** DATA FOR THIS TASK follows **
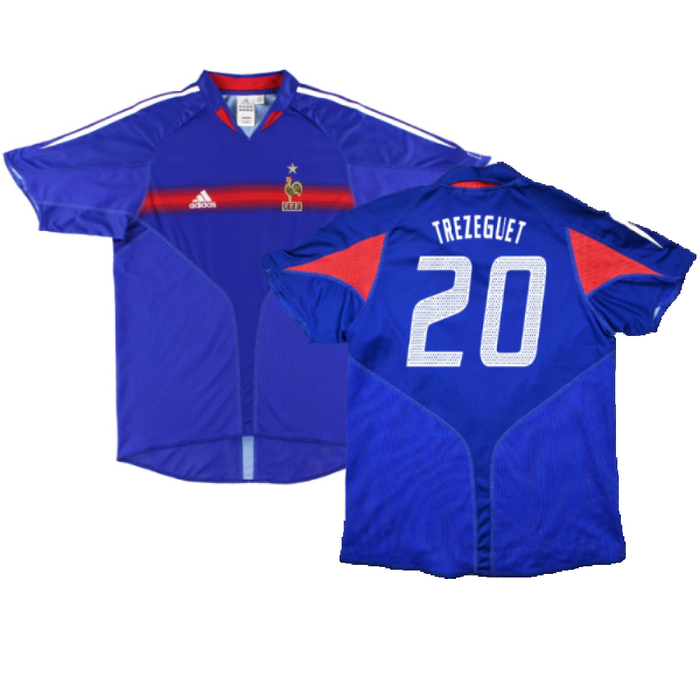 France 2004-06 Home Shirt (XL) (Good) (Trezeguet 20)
** End of DATA FOR THIS TASK **
** DATA FOR THIS TASK follows **
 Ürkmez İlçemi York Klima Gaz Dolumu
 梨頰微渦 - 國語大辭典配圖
** End of DATA FOR THIS TASK **
** DATA FOR THIS TASK follows **
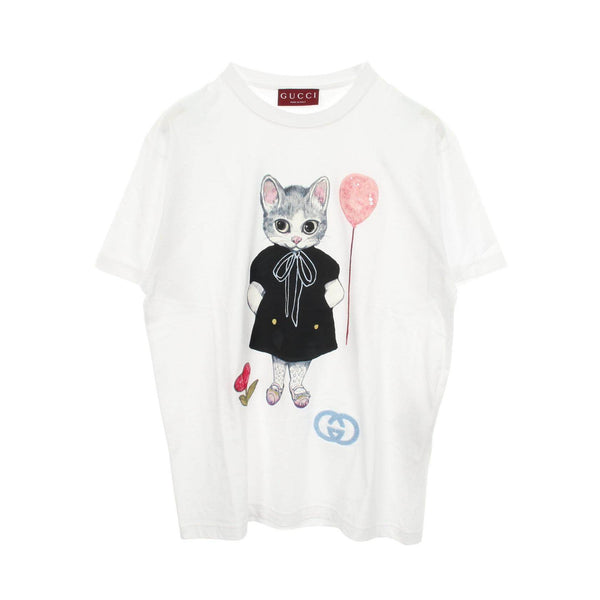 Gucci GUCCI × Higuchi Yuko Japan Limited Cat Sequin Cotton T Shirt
** End of DATA FOR THIS TASK **
> TRY IT: Your answer should be the lines of the listing above between the line holding "Ürkmez İlçemi York Klima Gaz Dolumu" and the line holding "梨頰微渦 - 國語大辭典配圖", inclusive, restated word for word and alone.

> EXPECTED ANSWER:
 Ürkmez İlçemi York Klima Gaz Dolumu
 梨頰微渦 - 國語大辭典配圖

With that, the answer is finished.